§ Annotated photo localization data

^^^^

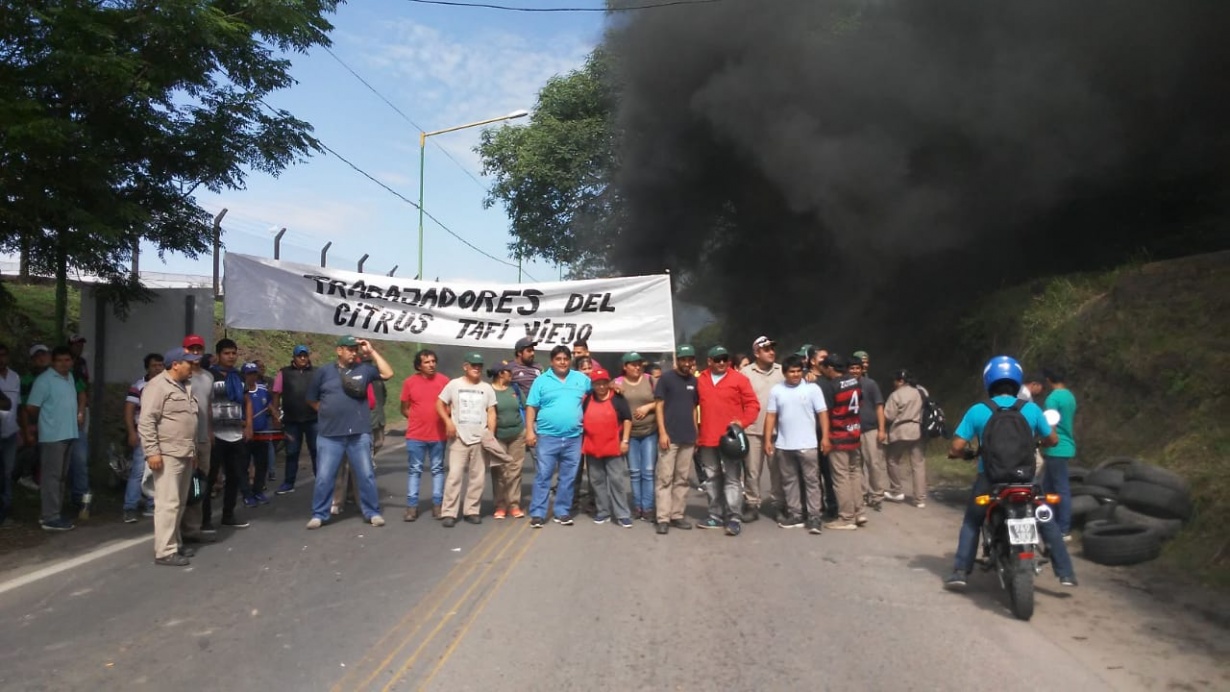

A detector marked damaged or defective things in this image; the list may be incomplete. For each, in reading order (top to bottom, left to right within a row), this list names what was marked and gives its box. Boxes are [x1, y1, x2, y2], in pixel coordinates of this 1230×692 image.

burnt tire [1087, 464, 1126, 491]
burnt tire [1097, 457, 1141, 474]
burnt tire [1126, 464, 1190, 491]
burnt tire [1072, 496, 1102, 516]
burnt tire [1072, 484, 1121, 501]
burnt tire [1121, 481, 1195, 521]
burnt tire [1111, 503, 1185, 540]
burnt tire [1082, 528, 1156, 565]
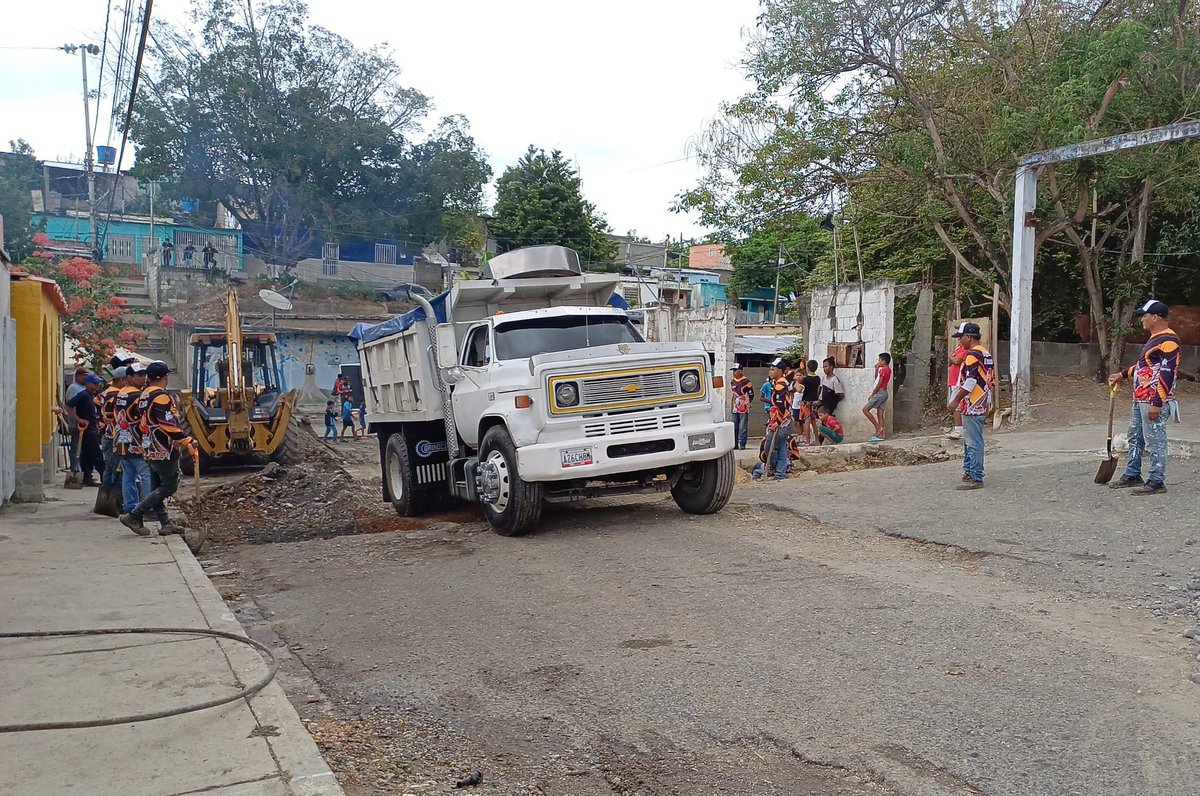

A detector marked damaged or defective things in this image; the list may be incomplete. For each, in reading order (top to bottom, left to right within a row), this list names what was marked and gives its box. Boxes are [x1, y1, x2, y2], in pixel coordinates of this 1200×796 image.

cracked asphalt [211, 430, 1200, 796]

^^^^

Return each record exactly as given, excluding any image.

§ Output
A detector marked damaged or defective things in this image; the list may be incomplete. For each, in reading order (top to bottom, left to right within a row), this list names what was marked and gives its box. Boxes are [x1, y1, x2, y2], in pixel coordinates of this 1230×692 image.

burnt tire [1087, 464, 1126, 491]
burnt tire [1097, 457, 1141, 474]
burnt tire [1126, 464, 1190, 491]
burnt tire [1072, 496, 1102, 516]
burnt tire [1072, 484, 1121, 501]
burnt tire [1121, 481, 1195, 521]
burnt tire [1111, 503, 1185, 540]
burnt tire [1082, 528, 1156, 565]

A detector marked damaged or defective things in this image; the list may be incomplete. For each, in reading order (top to bottom, left to right within a row), this list names what was marked and gives its box. Boxes are [x1, y1, x2, y2], in pixel coordinates of this 1200×796 image.

cracked asphalt [211, 430, 1200, 796]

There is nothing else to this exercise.